* EXERCISE
Please return the full listing word for word, leaving out any pictures.

THE RECORDS Block Start

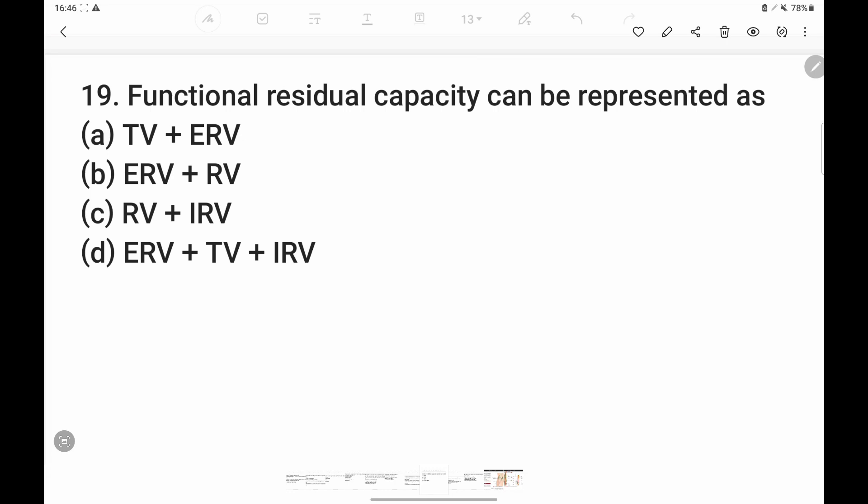Functional Residual Capacity is formed by adding expiratory reserve volume and residual volume together. Option B — tidal volume and inspiratory reserve volume — gives you inspiratory capacity. This distinction is very important to remember.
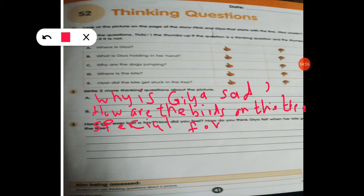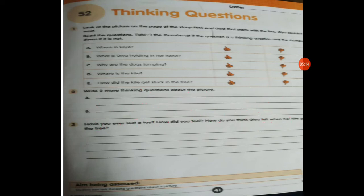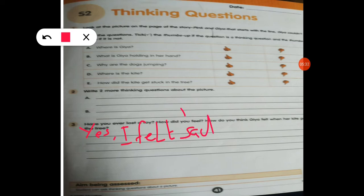These are the two thinking questions. Students, write down these two questions. Next, question number three: 'Have you ever lost a toy?' Most of us have lost a toy, so yes. How did you feel? I felt sad, or I felt bad.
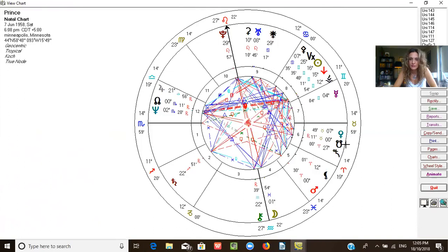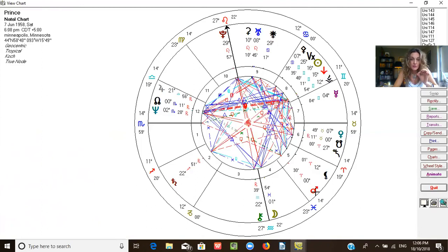Looking at his natal chart: Venus in Taurus — that's his artistry and musicality. Mars in the fifth house in Aries — that's his creative house as well, so much energy, drive, and passion. Look at that Mars in Aries at zero degrees. When you see Mars in Aries at zero degrees, Aries at zero is called a critical degree — a very powerful place to have any planet. There's something very critical about that planet's expression in the lifetime of the individual, and that certainly describes Prince.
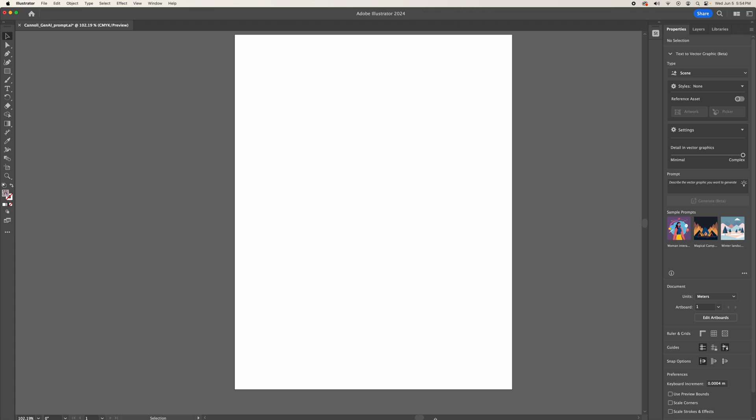Hi everyone. I want to do a live demo on the generative AI features in Adobe Illustrator. We will start with the text to vector feature and then move to the generative recolor. I am using Adobe Illustrator 2024, and here is the text to vector graphic panel.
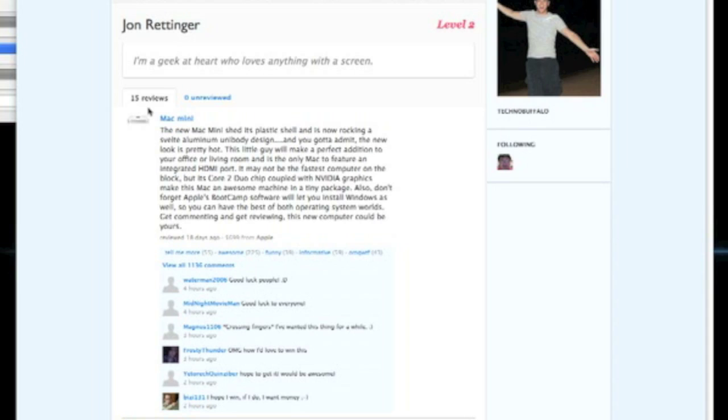You're going to get one entry. If you want two entries, all you have to do is review something on your Blippi account. Nice and easy.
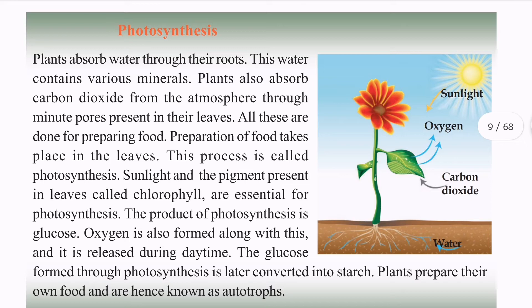The product of photosynthesis is glucose. Oxygen is also formed along with glucose during this process.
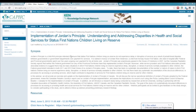Today, the title of today's webinar is Implementation of Jordan's Principle, Understanding and Addressing Disparities in Health and Social Services for Status First Nations Children Living on Reserve. With us today, we have two researchers from McGill University in Montreal.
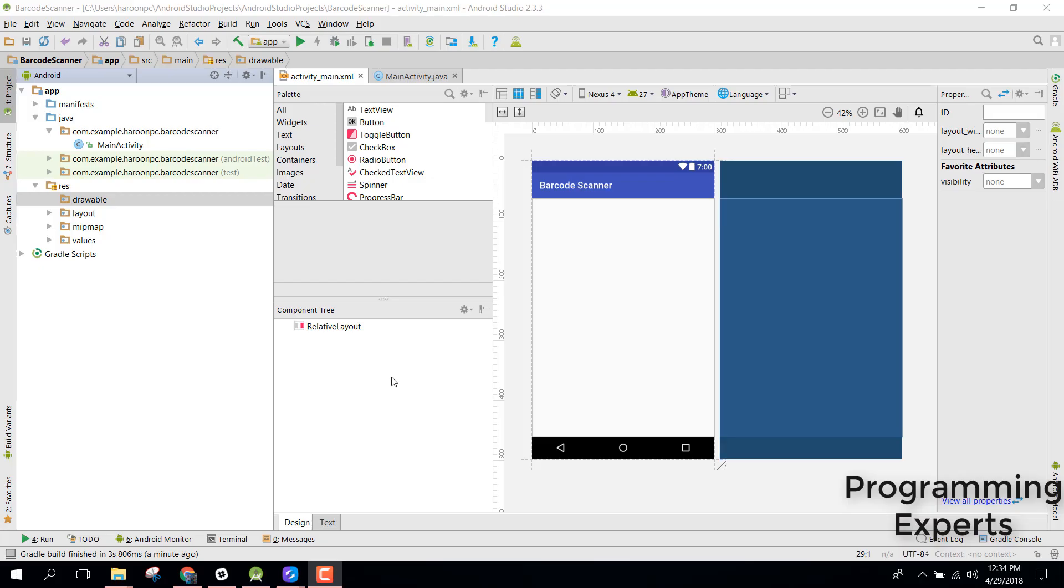Bismillah Rahman Rahim, welcome to my another video on Android app development. In this video I am going to show you how to use the beautiful circle menu inside your Android application.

THE RECORDS Block End

* OUTPUT OF THE TASK
Functional Residual Capacity is formed by adding expiratory reserve volume and residual volume together. Option B — tidal volume and inspiratory reserve volume — gives you inspiratory capacity. This distinction is very important to remember.
These are the two thinking questions. Students, write down these two questions. Next, question number three: 'Have you ever lost a toy?' Most of us have lost a toy, so yes. How did you feel? I felt sad, or I felt bad.
Looking at his natal chart: Venus in Taurus — that's his artistry and musicality. Mars in the fifth house in Aries — that's his creative house as well, so much energy, drive, and passion. Look at that Mars in Aries at zero degrees. When you see Mars in Aries at zero degrees, Aries at zero is called a critical degree — a very powerful place to have any planet. There's something very critical about that planet's expression in the lifetime of the individual, and that certainly describes Prince.
Hi everyone. I want to do a live demo on the generative AI features in Adobe Illustrator. We will start with the text to vector feature and then move to the generative recolor. I am using Adobe Illustrator 2024, and here is the text to vector graphic panel.
You're going to get one entry. If you want two entries, all you have to do is review something on your Blippi account. Nice and easy.
The product of photosynthesis is glucose. Oxygen is also formed along with glucose during this process.
Today, the title of today's webinar is Implementation of Jordan's Principle, Understanding and Addressing Disparities in Health and Social Services for Status First Nations Children Living on Reserve. With us today, we have two researchers from McGill University in Montreal.
Bismillah Rahman Rahim, welcome to my another video on Android app development. In this video I am going to show you how to use the beautiful circle menu inside your Android application.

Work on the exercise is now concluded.